● **What the task requires**:
Take the line containing "Warm denim jeans" and each line after it through the end of the data below, and return them exactly, minus any pictures.

Stored data entries
-*-*-

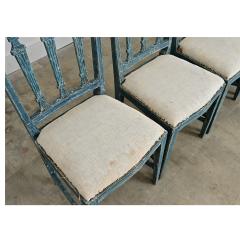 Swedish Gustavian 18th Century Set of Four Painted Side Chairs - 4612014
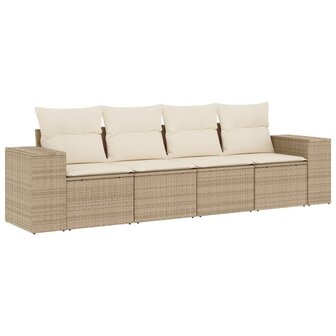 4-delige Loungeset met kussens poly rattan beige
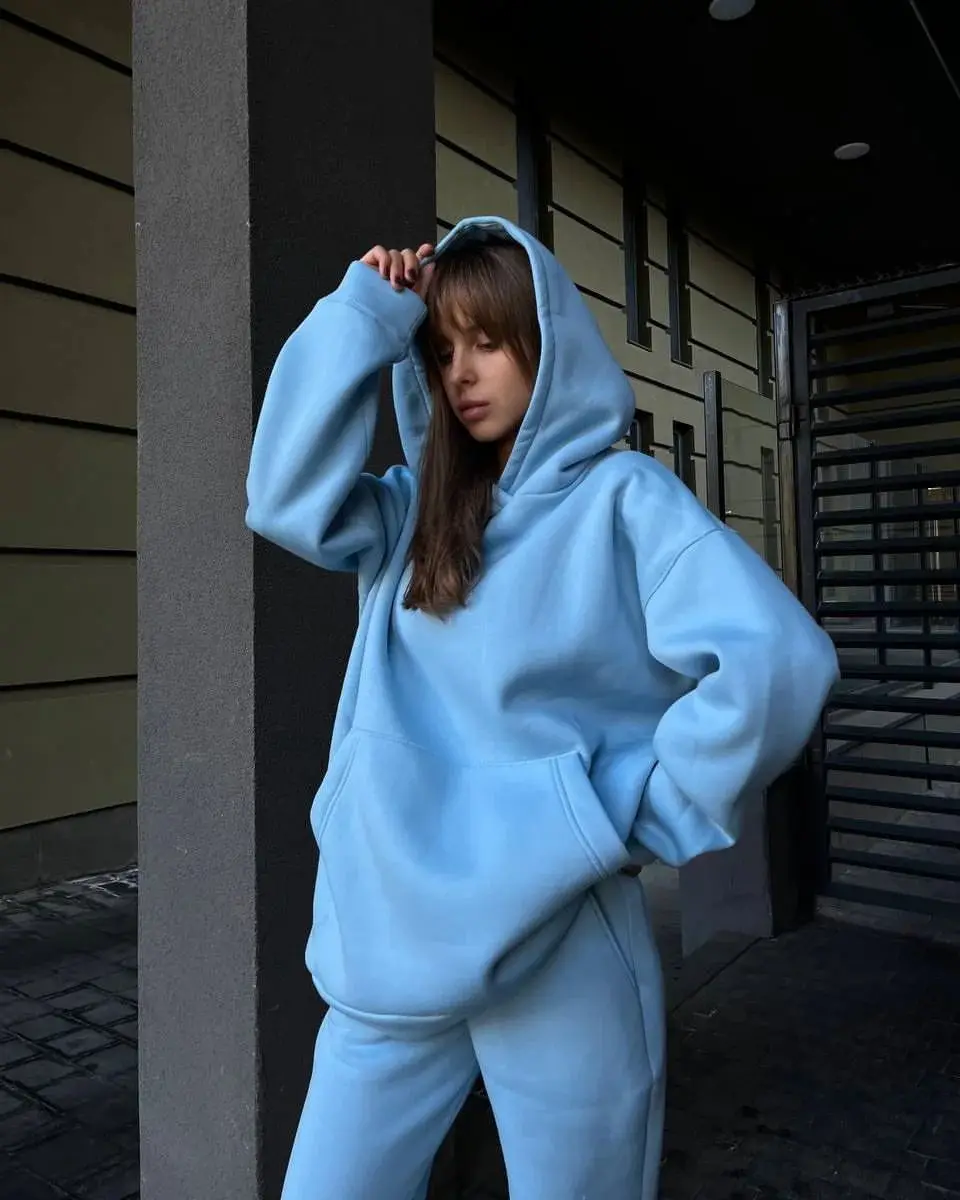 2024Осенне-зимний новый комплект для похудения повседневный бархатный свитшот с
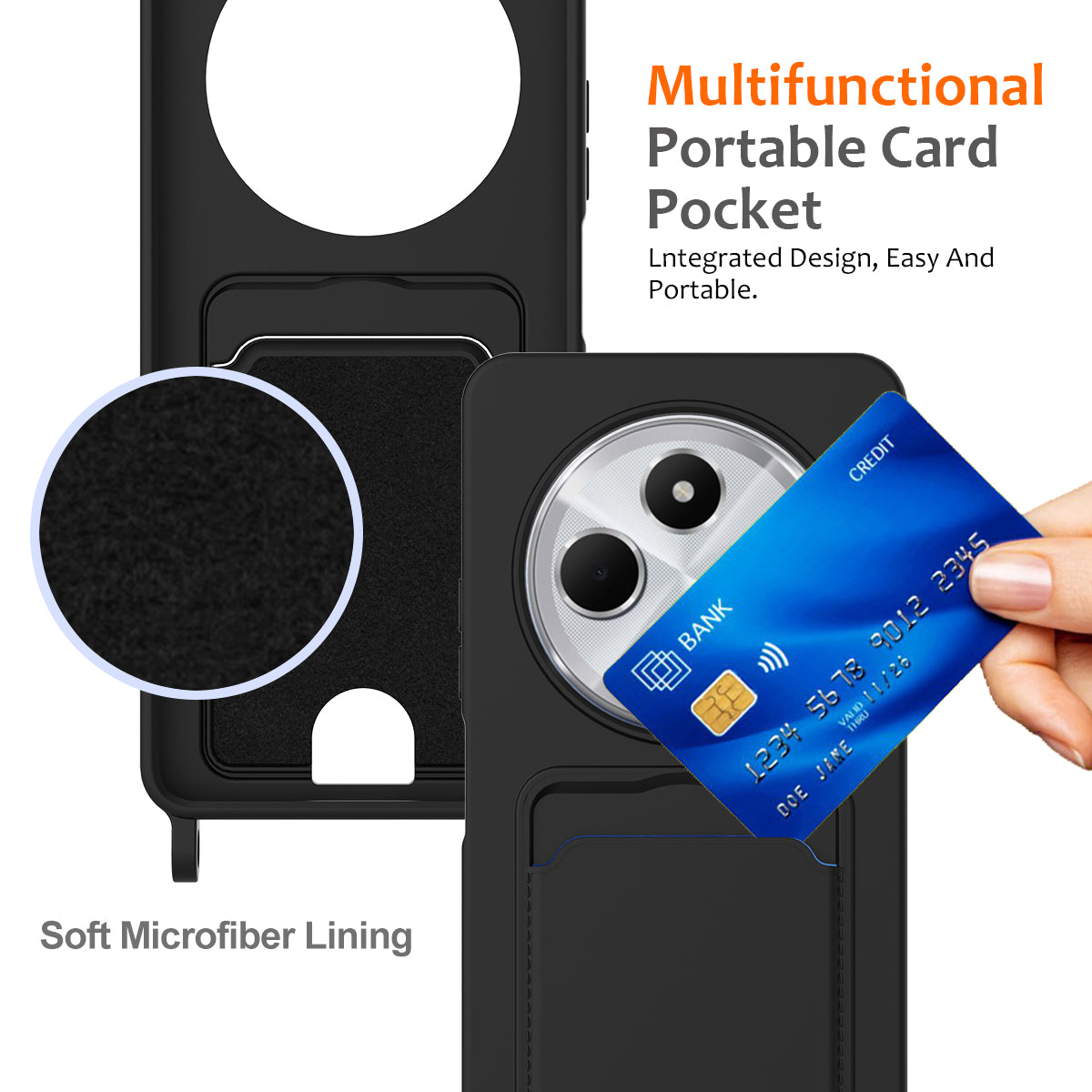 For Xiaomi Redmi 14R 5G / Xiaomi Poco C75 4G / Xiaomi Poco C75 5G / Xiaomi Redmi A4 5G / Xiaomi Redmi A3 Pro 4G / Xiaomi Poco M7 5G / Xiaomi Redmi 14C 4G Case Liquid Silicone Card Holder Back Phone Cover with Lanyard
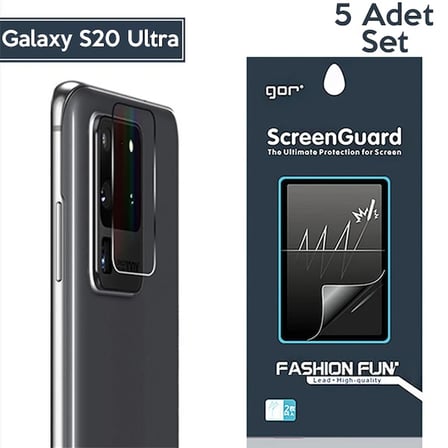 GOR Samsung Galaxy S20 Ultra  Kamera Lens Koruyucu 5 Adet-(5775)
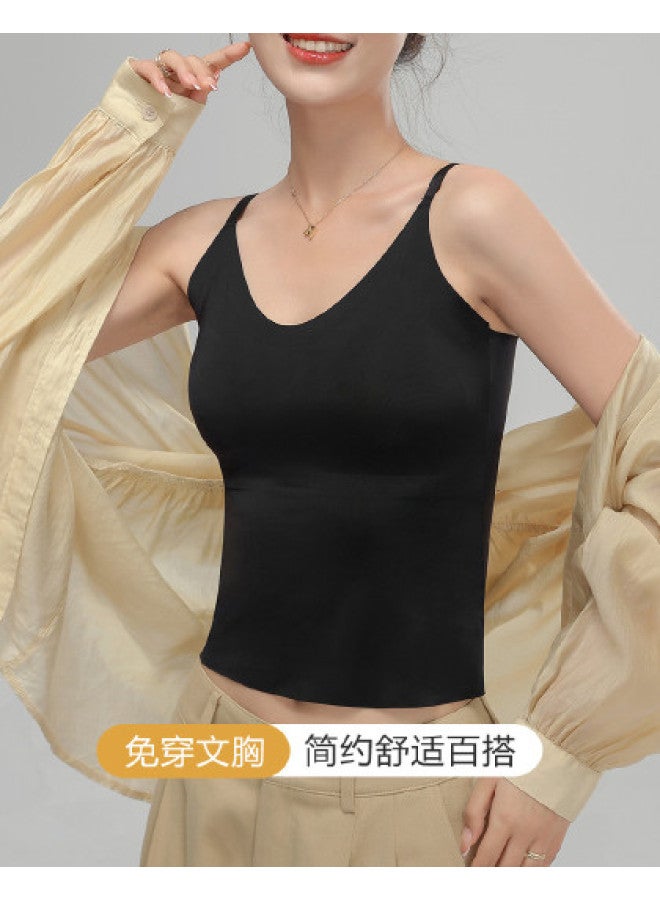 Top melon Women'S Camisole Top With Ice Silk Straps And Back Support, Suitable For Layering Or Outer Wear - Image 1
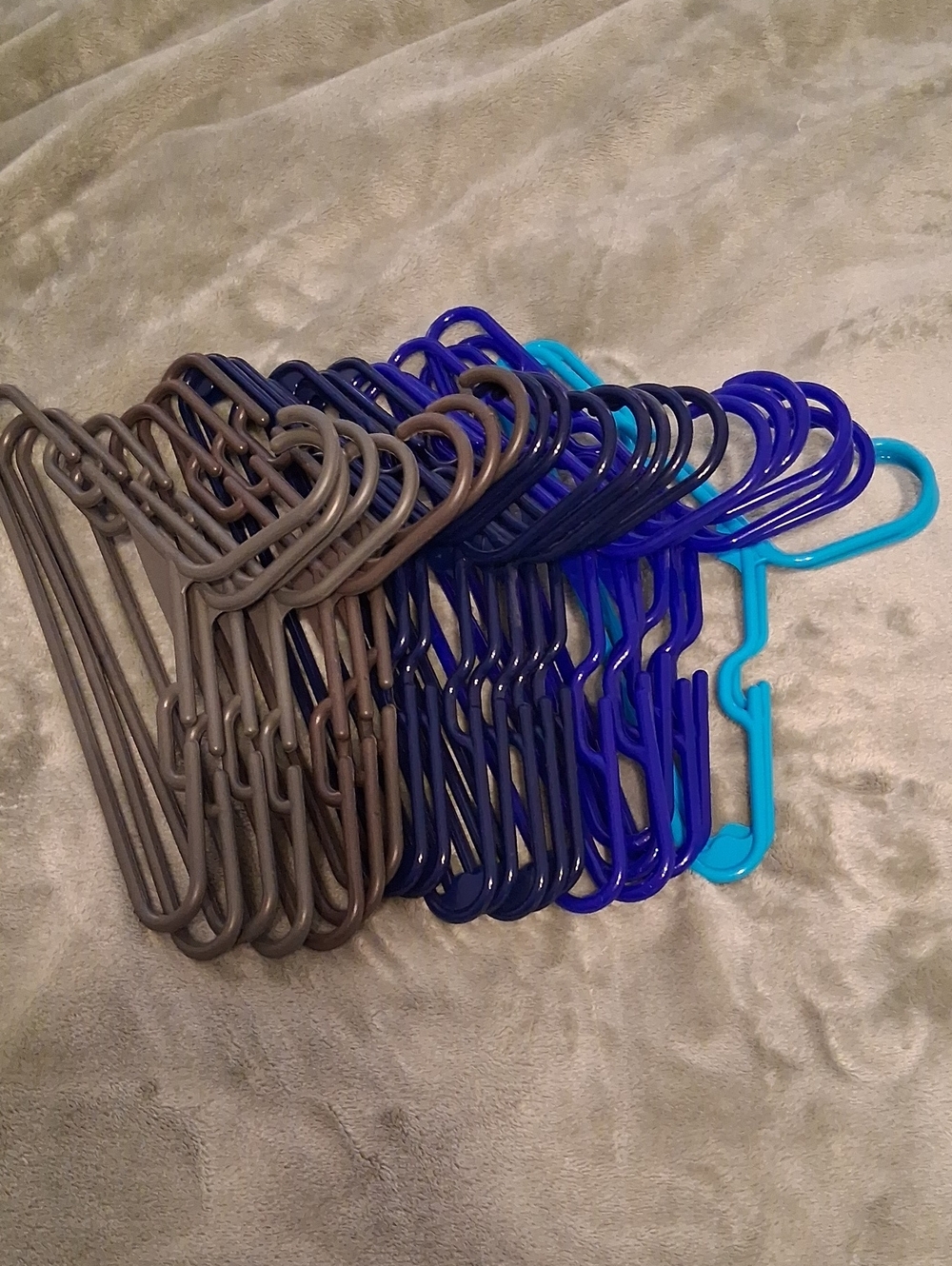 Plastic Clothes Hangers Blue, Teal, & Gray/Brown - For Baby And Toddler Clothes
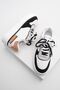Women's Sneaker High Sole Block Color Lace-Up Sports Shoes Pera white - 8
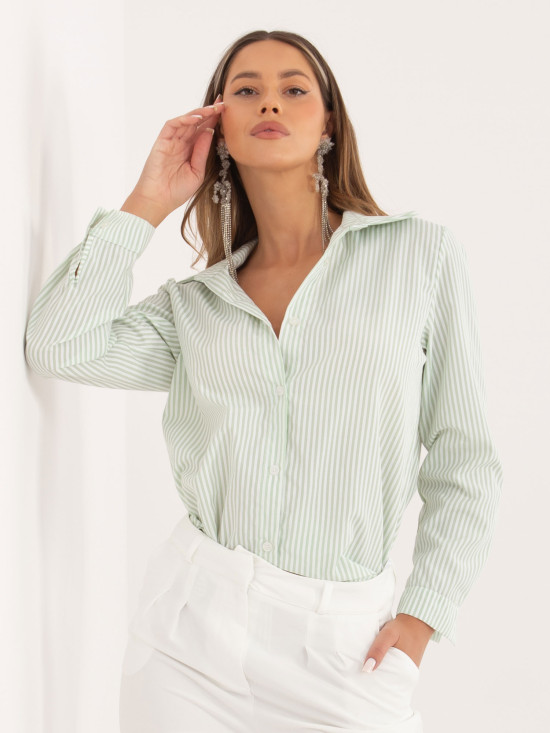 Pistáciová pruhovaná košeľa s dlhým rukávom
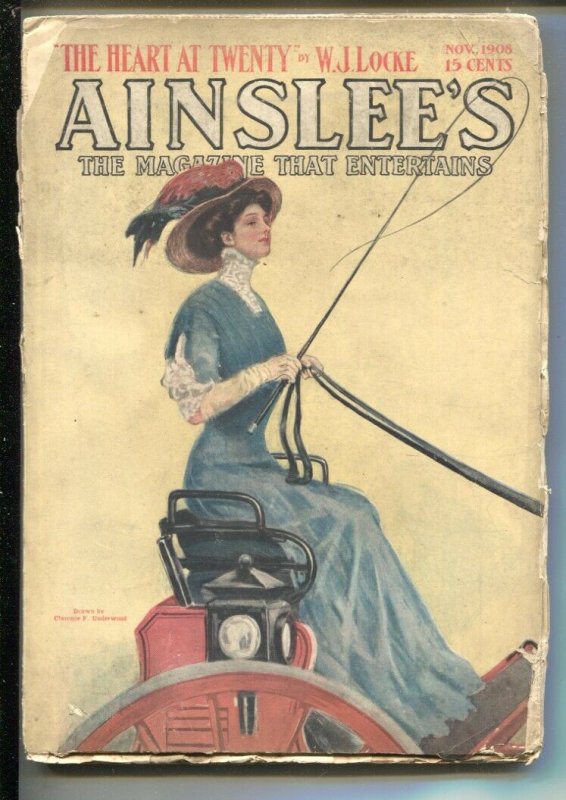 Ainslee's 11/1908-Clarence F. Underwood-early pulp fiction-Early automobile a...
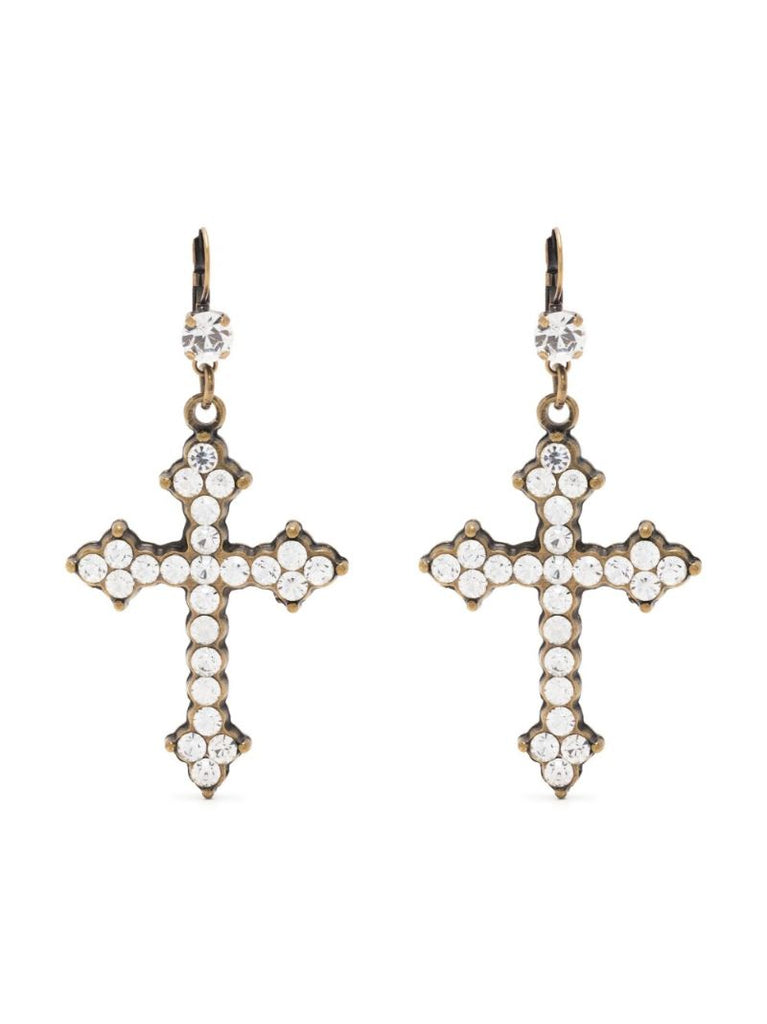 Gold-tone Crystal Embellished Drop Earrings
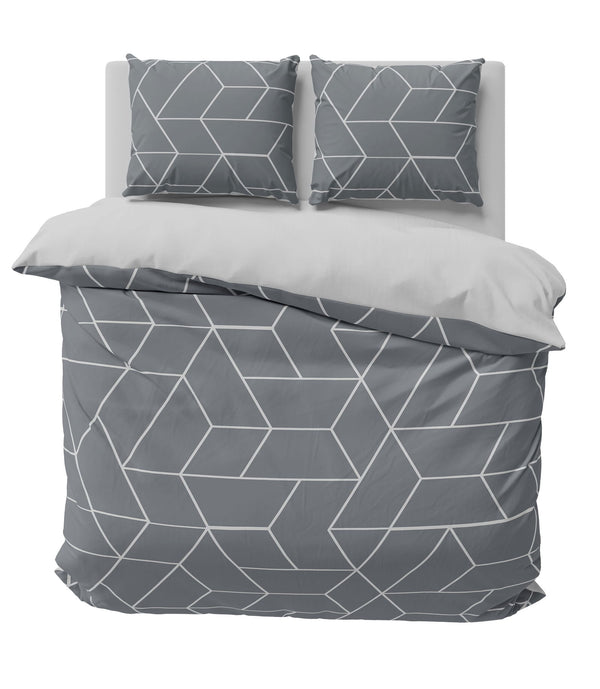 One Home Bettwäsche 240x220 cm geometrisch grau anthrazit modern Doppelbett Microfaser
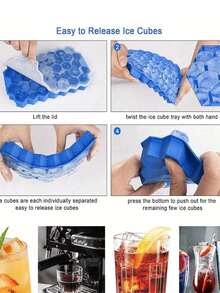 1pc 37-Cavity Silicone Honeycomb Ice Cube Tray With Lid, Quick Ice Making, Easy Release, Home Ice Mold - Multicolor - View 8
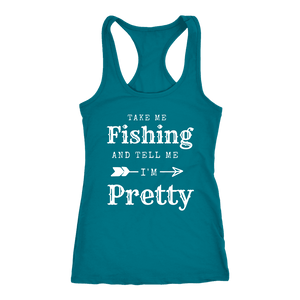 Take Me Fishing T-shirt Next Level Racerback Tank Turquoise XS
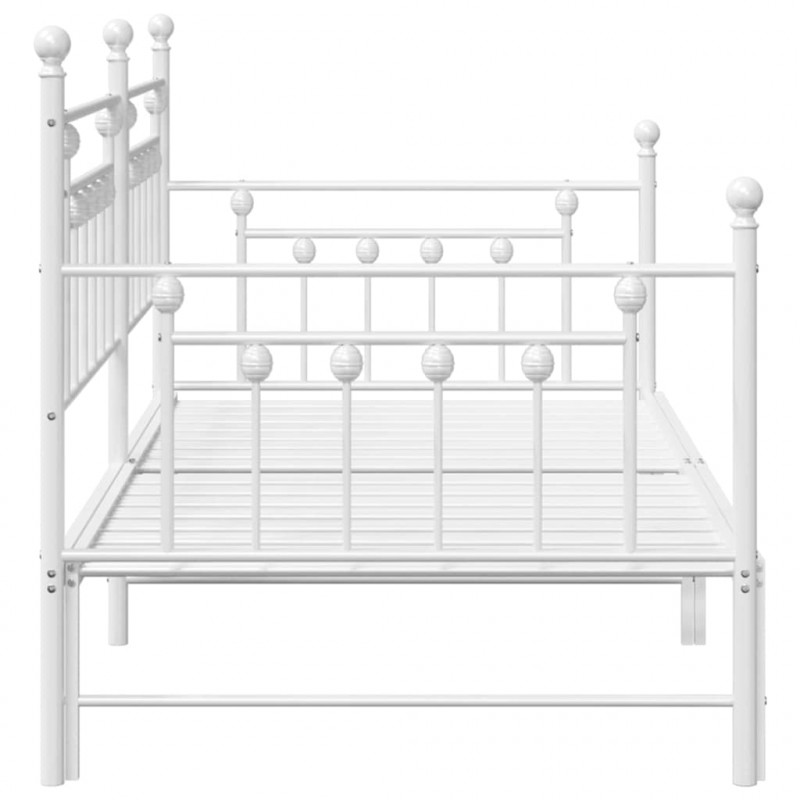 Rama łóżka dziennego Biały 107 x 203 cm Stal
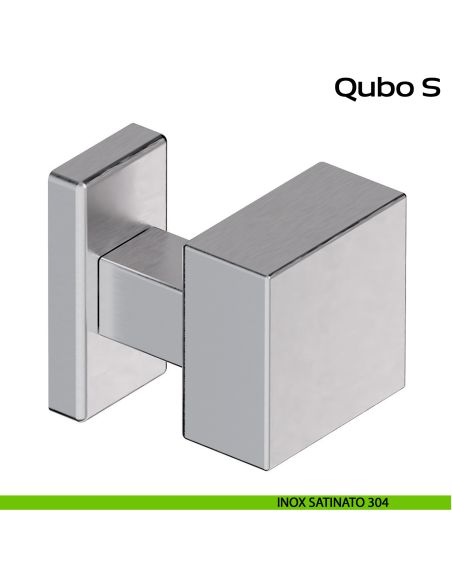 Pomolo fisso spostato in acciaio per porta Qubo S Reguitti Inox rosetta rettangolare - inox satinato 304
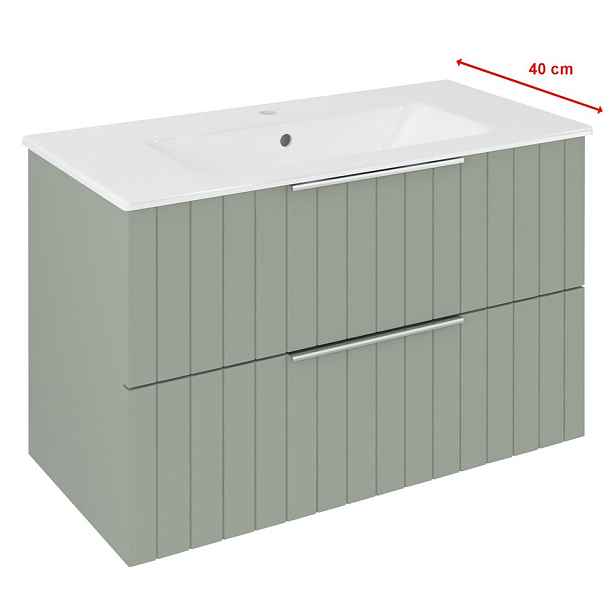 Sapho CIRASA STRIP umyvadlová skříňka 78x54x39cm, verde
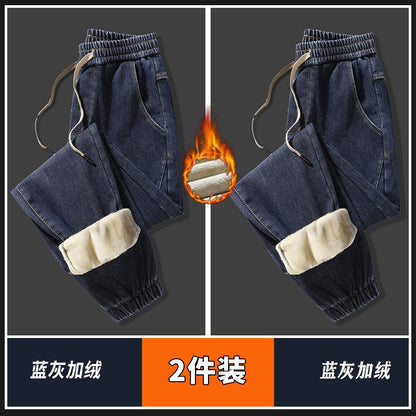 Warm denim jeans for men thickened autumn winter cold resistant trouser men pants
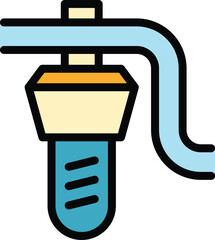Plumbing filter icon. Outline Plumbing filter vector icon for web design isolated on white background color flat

-*-*-

● **Response below**:
 Warm denim jeans for men thickened autumn winter cold resistant trouser men pants
Plumbing filter icon. Outline Plumbing filter vector icon for web design isolated on white background color flat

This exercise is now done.